Thursday, October 8, 2020

Paradise Palms Celebrity Spotlight: Buddy Rich

Paradise Palmer Buddy Rich

Buddy Rich (09/30/1917-04/02/1987), billed as the World’s Greatest Drummer, made his move into Paradise Palms Las Vegas when he and his wife Marie purchased the original Marquis model home in Fountainbleau Estates at 1734 Sombrero Drive in September 1964. The three bedroom, two bathroom home was handed over "lock, stock and barrel, fully furnished," complete with the original sales office with sliding glass doors still intact where the carport was intended to be completed.

Buddy Rich's Paradise Palms Las Vegas home, 1734 Sombrero Drive

Rich was born in Brooklyn, New York, the son of vaudeville parents who brought him into showbiz at just 18 months of age. Rich possessed the impressive gift of natural rhythm, so much so that he began performing solo on Broadway at age 4, earning the nickname Baby Traps the Drum Wonder performing Phillip Souza’s “Stars and Stripes Forever” as his signature hit song. After just over a decade, Rich made history becoming the second highest-paid child entertainer in the world earning $1,000 per week by the time he reached 15.

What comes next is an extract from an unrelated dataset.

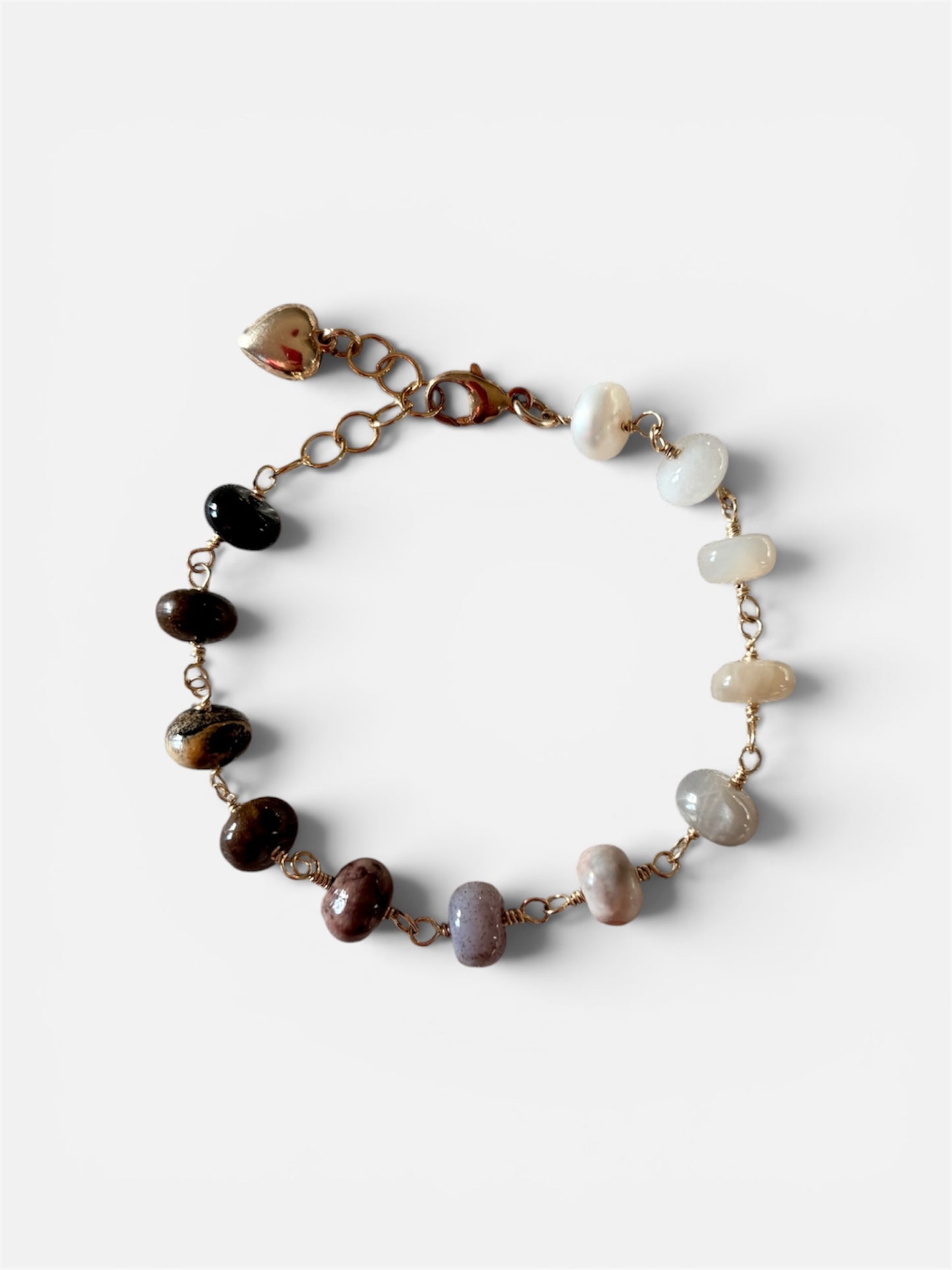 Celeste Confetti Espresso Bracelet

Buddy Rich as Traps The Drum Wonder

In 1937 Rich began a jazz career playing with clarinetist Joe Marsela, and two years later joined Tommy Dorsey’s band while plating with greats such as Dizzy Gillespie, Charlie Ventura, Louis Armstrong and Gene Krupa. Rich also began a film career, making appearances in Symphony of Swing, Ship Ahoy and How's About It before joining the Marines to fight in World War II. After returning from the War, Rich formed his own band with the help of Frank Sinatra, and went on to form numerous other bands over the following years before marrying his wife, Marie, in 1953.

In 1955, Gene Krupa and Buddy Rich recorded the collaboration album titled, "Krupa and Rich," which featured the song "Bernie's Tune," where they traded drum solos for a total of six minutes. Rich would join Harry James’ band, and began his Las Vegas ties in 1956 playing with James at the El Rancho.  Rich would go on to play in Jazz at the Philharmonic, the 2:30 am nightly show at the Dunes sharing the stage with Roy Eldridge, Herb Ellis and Ray Brown.

In January 1962 Buddy Rich had signed with the Harry James Band for a record $1,500 per week salary ($12,800 in 2020 dollars). James and Rich had also previously played together during a European tour in 1957 and James had been working to get Rich back into the group ever since. Following a worldwide tour as a musical emissary with the State Department, Rich was finally lured to Las Vegas on a more permanent basis.


In November 1963 fellow Paradise Palmer Dave Victorson lured Rich to perform at the Thunderbird, where he shared the stage with Belle Barth and Billy Daniels, before being reunited again with Harry James in 1964 for an engagement at the Flamingo where he performed until the Aladdin opening on April 1, 1966. It was during this time that Buddy and Marie decided to become full-time residents of Paradise Palms, purchasing their Fontainebleau Estates home on Sombrero Drive joining the already long-list of celebrity residents. 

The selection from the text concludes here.